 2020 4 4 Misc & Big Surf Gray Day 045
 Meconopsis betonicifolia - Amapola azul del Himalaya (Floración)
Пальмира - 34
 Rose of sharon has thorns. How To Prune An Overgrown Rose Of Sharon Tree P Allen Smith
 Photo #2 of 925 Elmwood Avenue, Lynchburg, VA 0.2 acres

--

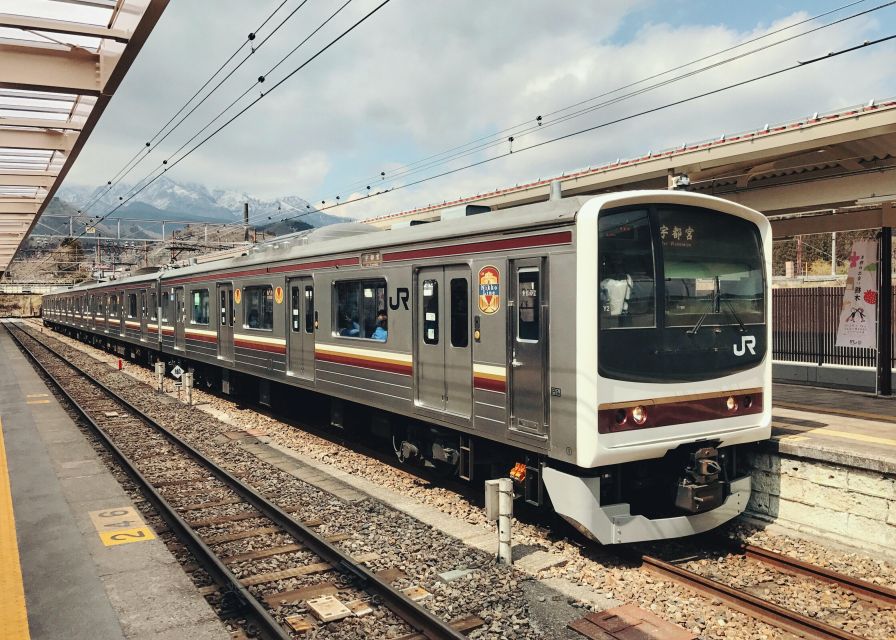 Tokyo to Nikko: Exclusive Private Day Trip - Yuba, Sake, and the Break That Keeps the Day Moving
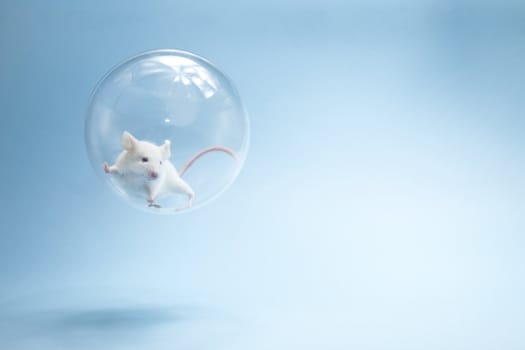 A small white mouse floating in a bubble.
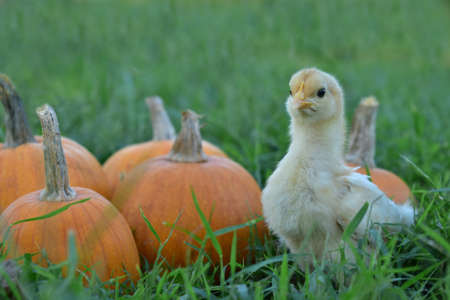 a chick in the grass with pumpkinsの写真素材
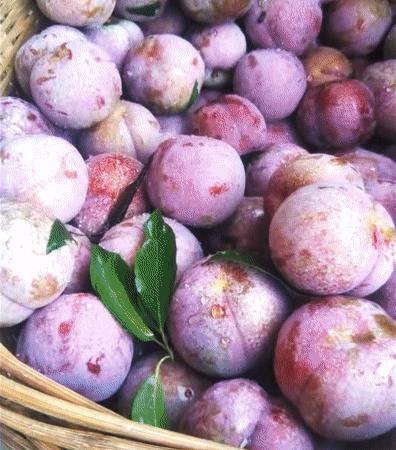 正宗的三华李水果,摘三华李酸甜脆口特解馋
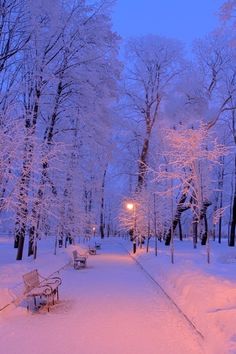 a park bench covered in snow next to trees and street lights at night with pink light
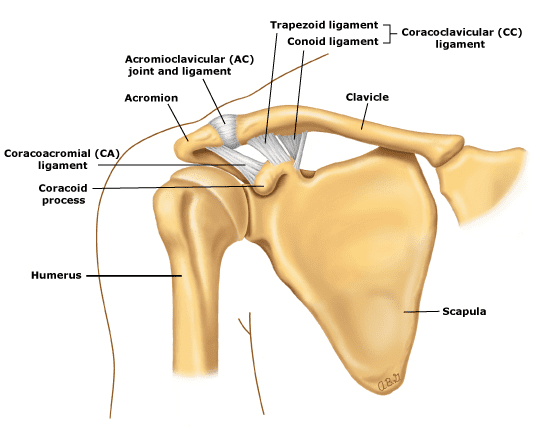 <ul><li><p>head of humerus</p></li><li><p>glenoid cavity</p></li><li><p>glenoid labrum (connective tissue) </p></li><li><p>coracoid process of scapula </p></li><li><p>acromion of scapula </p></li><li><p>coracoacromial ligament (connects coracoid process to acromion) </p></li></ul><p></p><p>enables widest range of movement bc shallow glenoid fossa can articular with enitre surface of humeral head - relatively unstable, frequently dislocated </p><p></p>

...

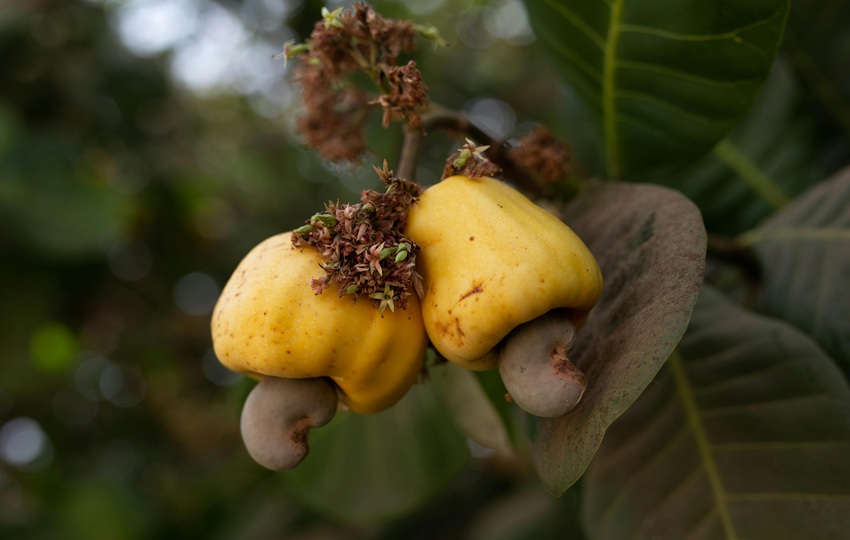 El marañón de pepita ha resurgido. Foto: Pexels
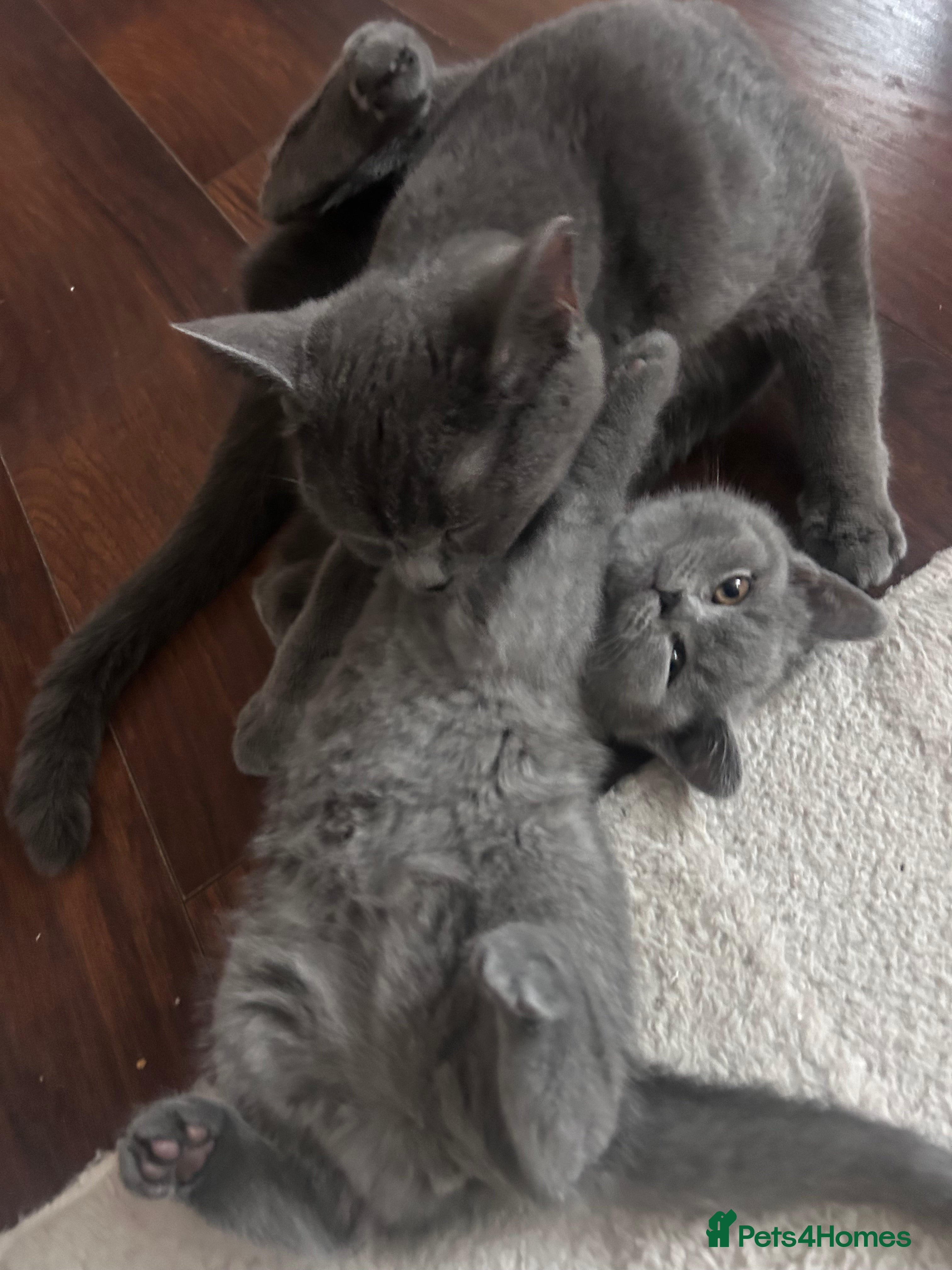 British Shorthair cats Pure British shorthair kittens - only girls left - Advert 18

__BRIEF__
Above are records with pictures. Reproduce exactly only the lines from the line with "El marañón de" through the line with "British Shorthair cats", both ends included, and leave the pictures out.

__ANSWER TO THE EXERCISE__
 El marañón de pepita ha resurgido. Foto: Pexels
 British Shorthair cats Pure British shorthair kittens - only girls left - Advert 18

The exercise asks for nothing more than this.